## TASK GOAL
Reproduce word for word every line from the one containing "Tommy Hilfiger Tommy" to the final line of the data below; omit the pictures.

## RAW DATA

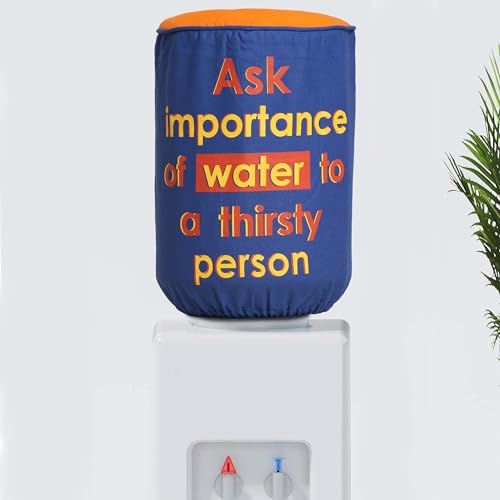 Image of Swayam 20 Litre Bottle Cover for Home & Office | Bottle Protector | Lace Closure at Bottom | Machine Washable | Environment Friendly | Digitally Printed | 44cm x 42cm x 32cm - Blue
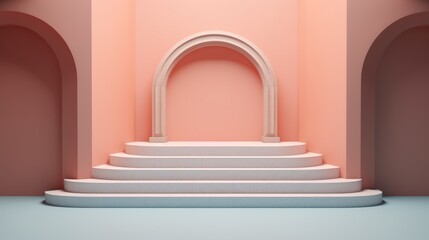 cosmetic product podium advertising exhibition pastel pink podium Generative AI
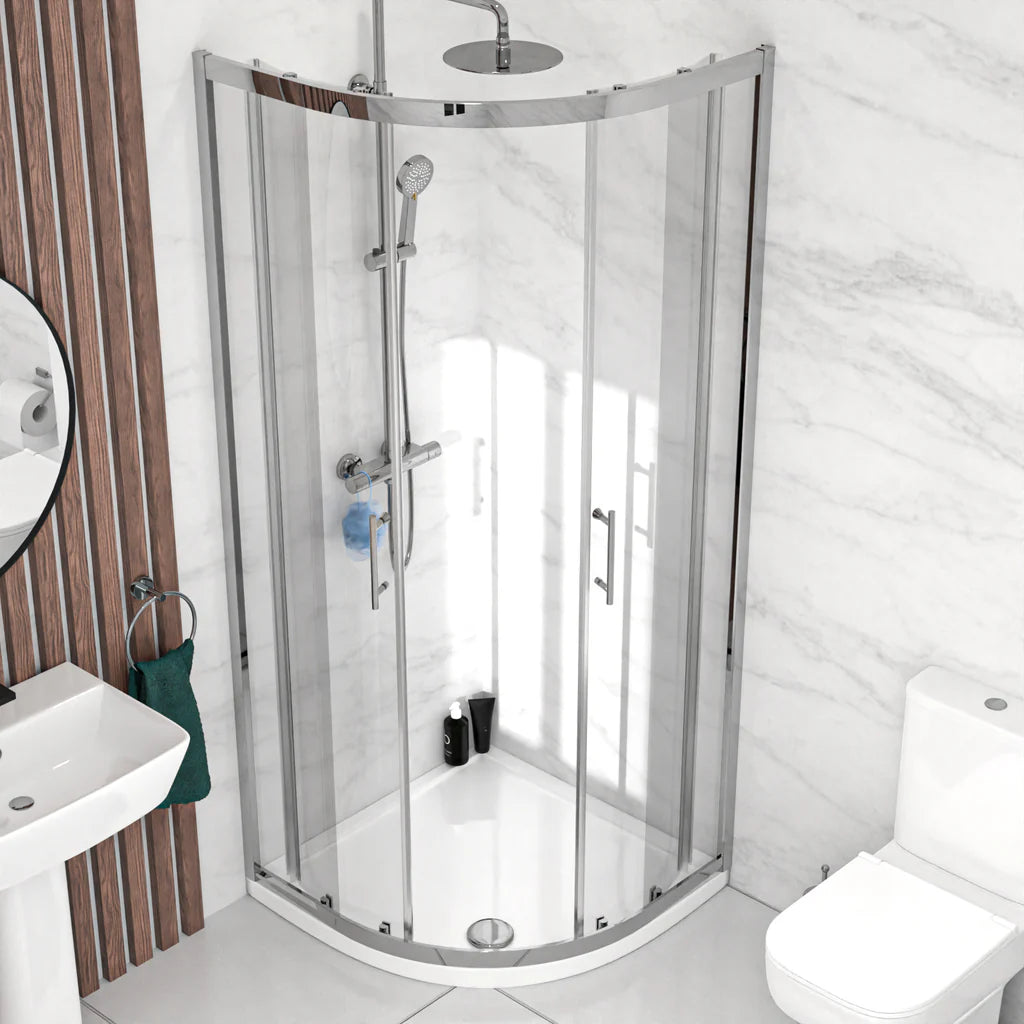 Louie Modern Square Close Coupled Toilet, 560mm Pedestal Basin & Shower Suite (800mm Shower Tray Included) – Modern Bathroom Set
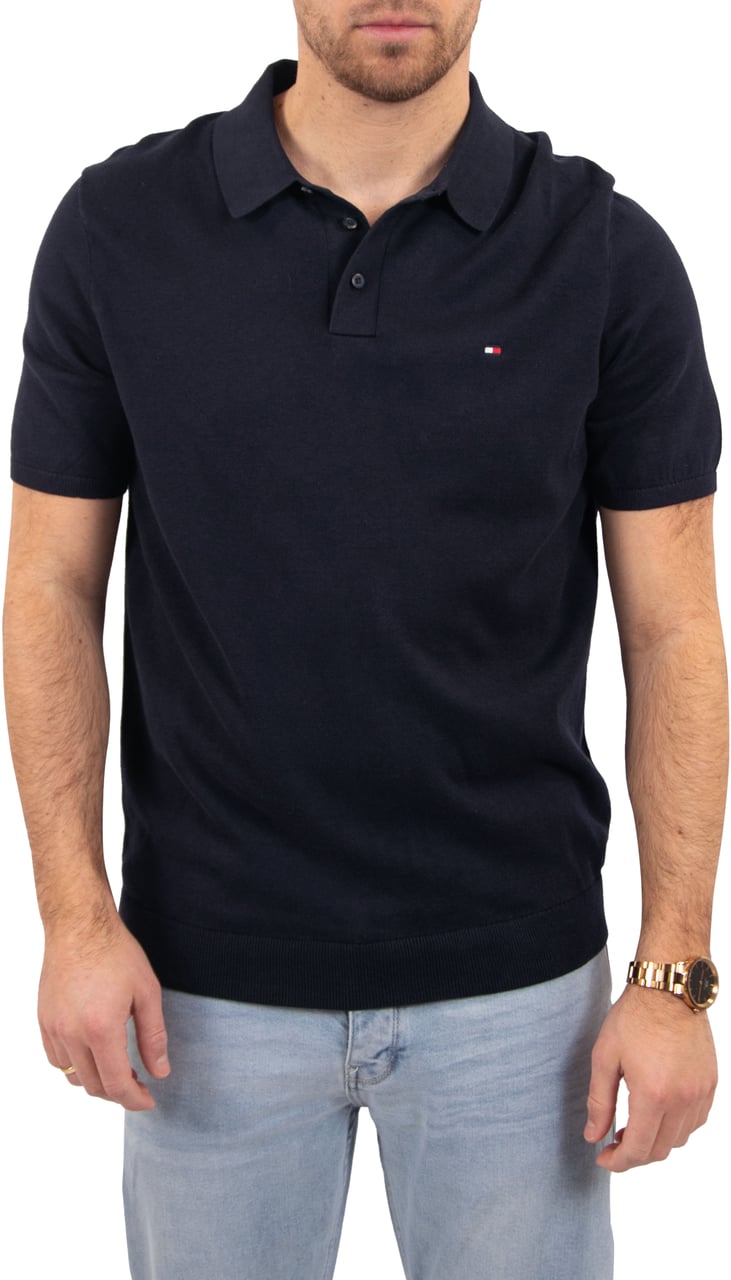 Tommy Hilfiger Tommy Hilfiger Essential Cotton Knitted Polo Blauw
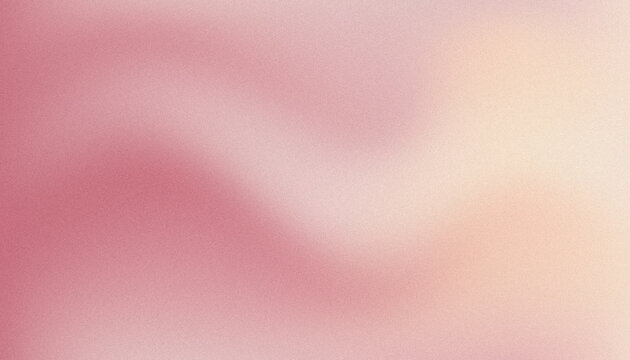 Minimalist abstract panoramic pastel background with soft dusty pink, warm rose copper and luminous cream glowing light waves, ultra smooth gradient transitions with grainy texture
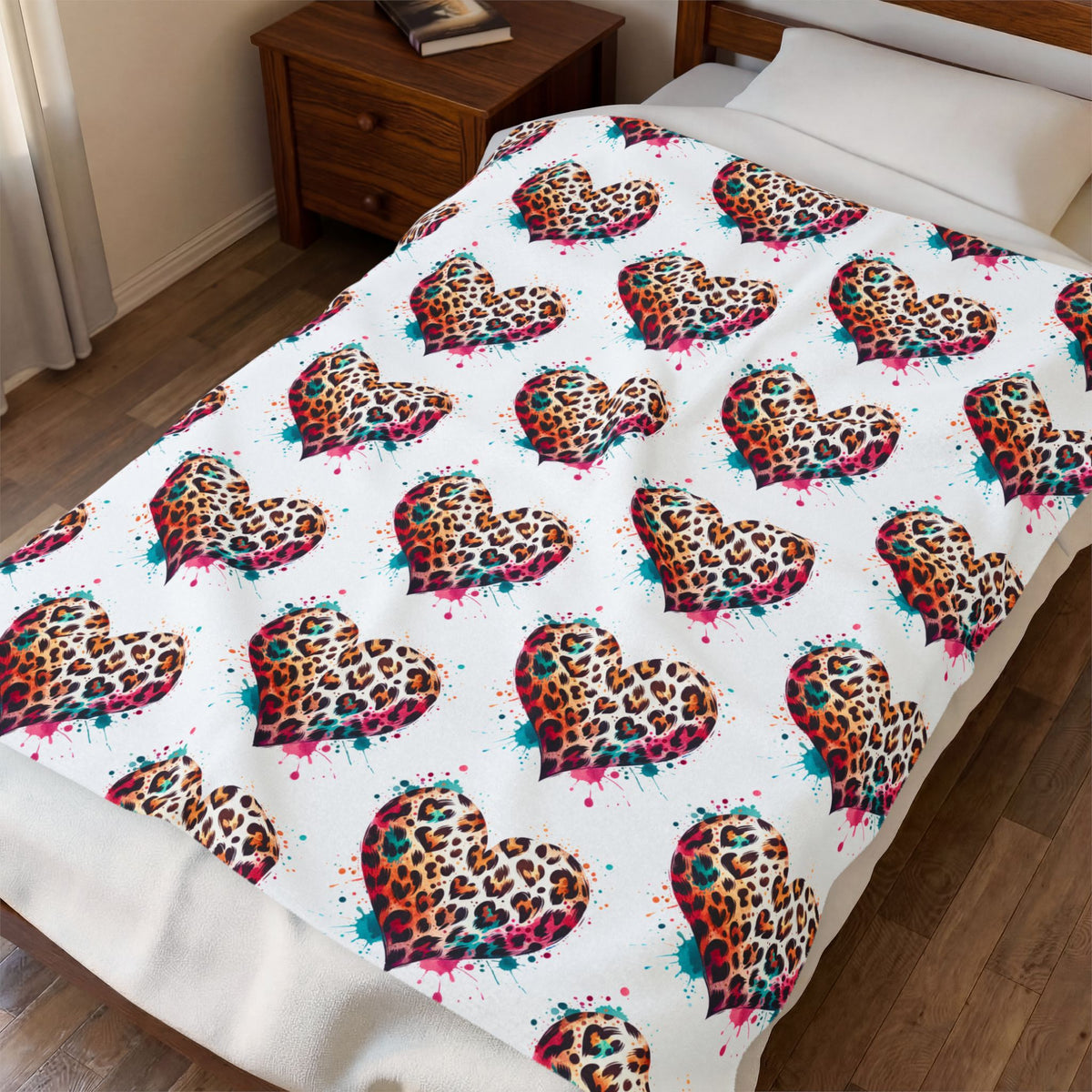 Leopard Heart Velveteen Plush Blanket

## RESULT OF THE EXERCISE
 Tommy Hilfiger Tommy Hilfiger Essential Cotton Knitted Polo Blauw
 Minimalist abstract panoramic pastel background with soft dusty pink, warm rose copper and luminous cream glowing light waves, ultra smooth gradient transitions with grainy texture
 Leopard Heart Velveteen Plush Blanket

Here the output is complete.